# 5000 Heater Core



## Mr. Sleeper (Jul 6, 2004)

I've waited all summer and winter is coming. How do I do this thing? Do I have to come in from the dash or the rain tray.... It looks like from the rain tray it's sealed or soemthing... I know this is gonna suck... any help or suggestions? THanks a lot!


----------



## jetta5000 (Jul 18, 2006)

*Re: 5000 Heater Core (Mr. Sleeper)*

yes, you do go out thru the rain tray and yes it is a pain in the ass. be careful taking out the tray, the old plastic cracks if you look at it the wrong way. the fan/heater core housing is a little smaller than a home air conditioner and has to come out as an entire unit which just barely squeezes between the windshield and the firewall. when we did it on my first 5000 it took three of us at least 4 hours to do it and the two helping me had done it before. when you take apart the housing to get to the heater core take care to note the position of all the parts taken out. also be absolutly certain you have all of the fasteners out of the housing before prying it apart, there are a couple screws which are very hard to find.
and if you don't already have one the bently manual is expensive but indispensable tool for, well just about any involved job on these cars. 

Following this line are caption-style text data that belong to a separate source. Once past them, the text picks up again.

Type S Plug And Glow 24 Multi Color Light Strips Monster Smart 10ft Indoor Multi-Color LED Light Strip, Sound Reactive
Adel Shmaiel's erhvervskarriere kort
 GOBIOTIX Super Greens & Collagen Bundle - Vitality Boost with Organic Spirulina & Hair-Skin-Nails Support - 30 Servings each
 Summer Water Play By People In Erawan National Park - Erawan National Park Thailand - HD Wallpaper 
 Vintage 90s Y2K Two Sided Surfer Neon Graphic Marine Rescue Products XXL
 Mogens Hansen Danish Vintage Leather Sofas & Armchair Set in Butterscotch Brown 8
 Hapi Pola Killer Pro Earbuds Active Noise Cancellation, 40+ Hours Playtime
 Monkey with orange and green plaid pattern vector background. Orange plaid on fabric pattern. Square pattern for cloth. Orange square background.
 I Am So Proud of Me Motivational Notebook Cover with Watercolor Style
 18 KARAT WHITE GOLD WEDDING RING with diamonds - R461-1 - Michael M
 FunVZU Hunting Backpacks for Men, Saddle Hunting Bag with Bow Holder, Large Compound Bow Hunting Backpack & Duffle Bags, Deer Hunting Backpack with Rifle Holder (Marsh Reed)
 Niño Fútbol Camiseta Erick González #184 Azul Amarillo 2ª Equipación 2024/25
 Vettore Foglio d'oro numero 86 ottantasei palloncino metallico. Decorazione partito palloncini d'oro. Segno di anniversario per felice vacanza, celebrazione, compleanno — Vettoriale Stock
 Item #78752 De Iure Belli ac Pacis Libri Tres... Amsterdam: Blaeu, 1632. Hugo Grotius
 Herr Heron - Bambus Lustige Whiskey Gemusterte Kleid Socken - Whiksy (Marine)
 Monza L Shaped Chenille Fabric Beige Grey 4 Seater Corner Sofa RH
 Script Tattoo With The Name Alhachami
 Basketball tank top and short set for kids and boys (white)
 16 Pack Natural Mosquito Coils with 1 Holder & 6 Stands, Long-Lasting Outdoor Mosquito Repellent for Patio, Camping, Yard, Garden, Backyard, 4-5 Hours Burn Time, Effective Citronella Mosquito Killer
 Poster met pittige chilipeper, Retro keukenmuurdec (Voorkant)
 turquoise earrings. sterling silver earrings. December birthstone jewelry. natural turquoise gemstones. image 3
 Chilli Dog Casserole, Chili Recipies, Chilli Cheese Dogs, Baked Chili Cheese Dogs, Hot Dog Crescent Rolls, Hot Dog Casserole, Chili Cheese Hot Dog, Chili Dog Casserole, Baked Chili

_Modified by jetta5000 at 5:11 PM 9-25-2006_


_Modified by jetta5000 at 5:12 PM 9-25-2006_


----------



## Mr. Sleeper (Jul 6, 2004)

*Re: 5000 Heater Core (jetta5000)*

Well, I got it done... thank god. Everythign works... THis is the link I used...
http://members.aol.com/c1j1mil...lower
It worked well. Best tip ever:
Get a shovel and place it from one strut to the other, use a rope and wrap it around the shovel handle and both sides of the heater box. Use one person inside pushing with thier feet and the other person using the shovel as a pry bar.... I got it done pretty quick. 
I had to take off the hood and all the windshield wiper assembly to make it easy but oh well.... I hope i never have to do that again.


----------



## jetta5000 (Jul 18, 2006)

*Re: 5000 Heater Core (Mr. Sleeper)*

neat shovel trick. you have way more balls than i do... prying things in my 5000 always makes me nervous.


----------